Task to complete -
In the material below, the line holding "פאזל של desenho" and every line after it should be reproduced exactly, please, with pictures omitted.

Dataset content -
--
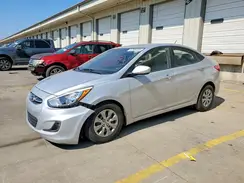 KMHCT4AE6GU135598 2016 HYUNDAI ACCENT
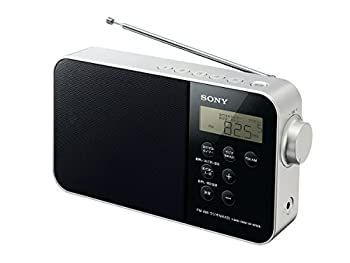 Others Sony Pll Icf-M780N Fm/Am/ Fm/ Nikkei B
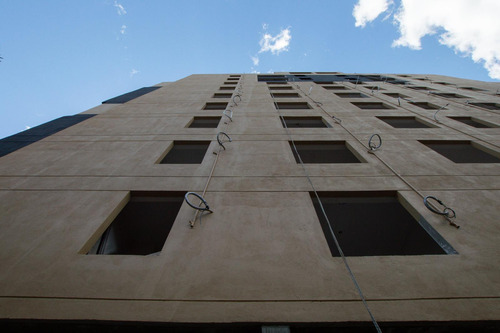Monoambiente A Estrenar Caseros Centro - Oportunidad Real Con Financiación -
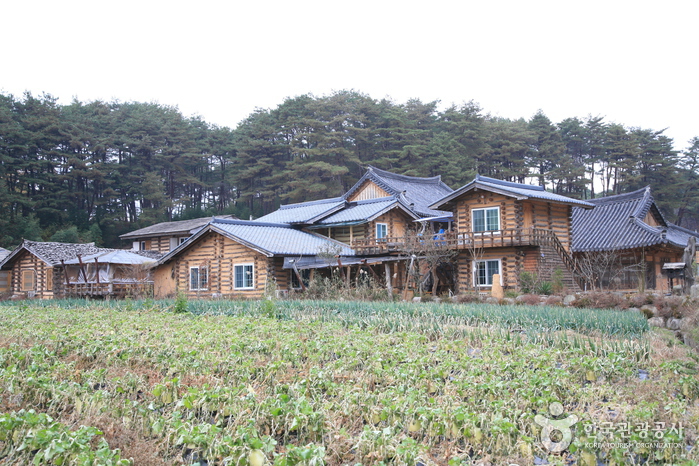 전경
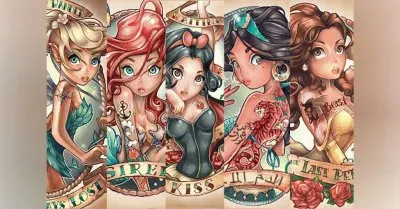 פאזל של desenho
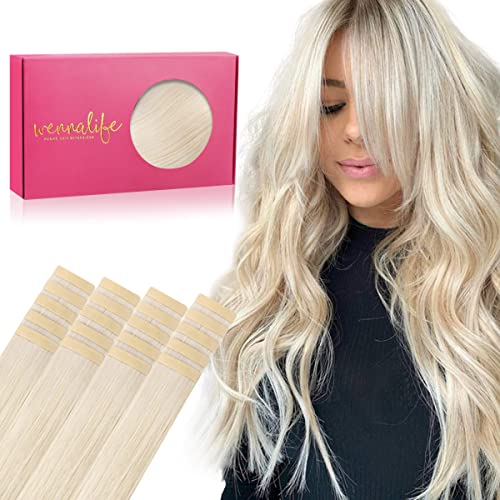 Blonde Human Hair: High-Quality and Natural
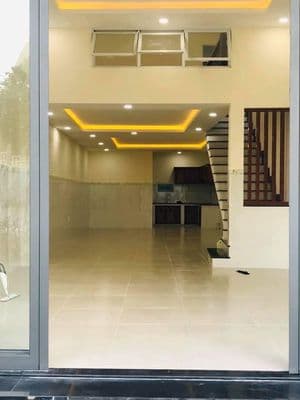 Cho thuê nhà nguyên căn 354/56 Lý Thường Kiệt P14, Q10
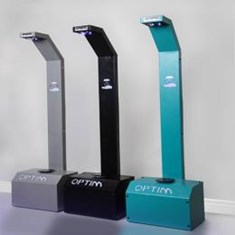 دستگاه-ضد-عفونی-کننده-اتوماتیک-دست-اپتیم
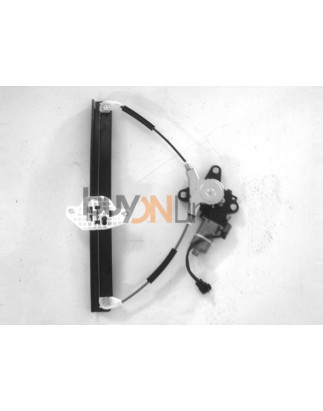 EW050100 ALZACRISTALLI ELETTRICI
--
Answer space -
 פאזל של desenho
 Blonde Human Hair: High-Quality and Natural
 Cho thuê nhà nguyên căn 354/56 Lý Thường Kiệt P14, Q10
 دستگاه-ضد-عفونی-کننده-اتوماتیک-دست-اپتیم
 EW050100 ALZACRISTALLI ELETTRICI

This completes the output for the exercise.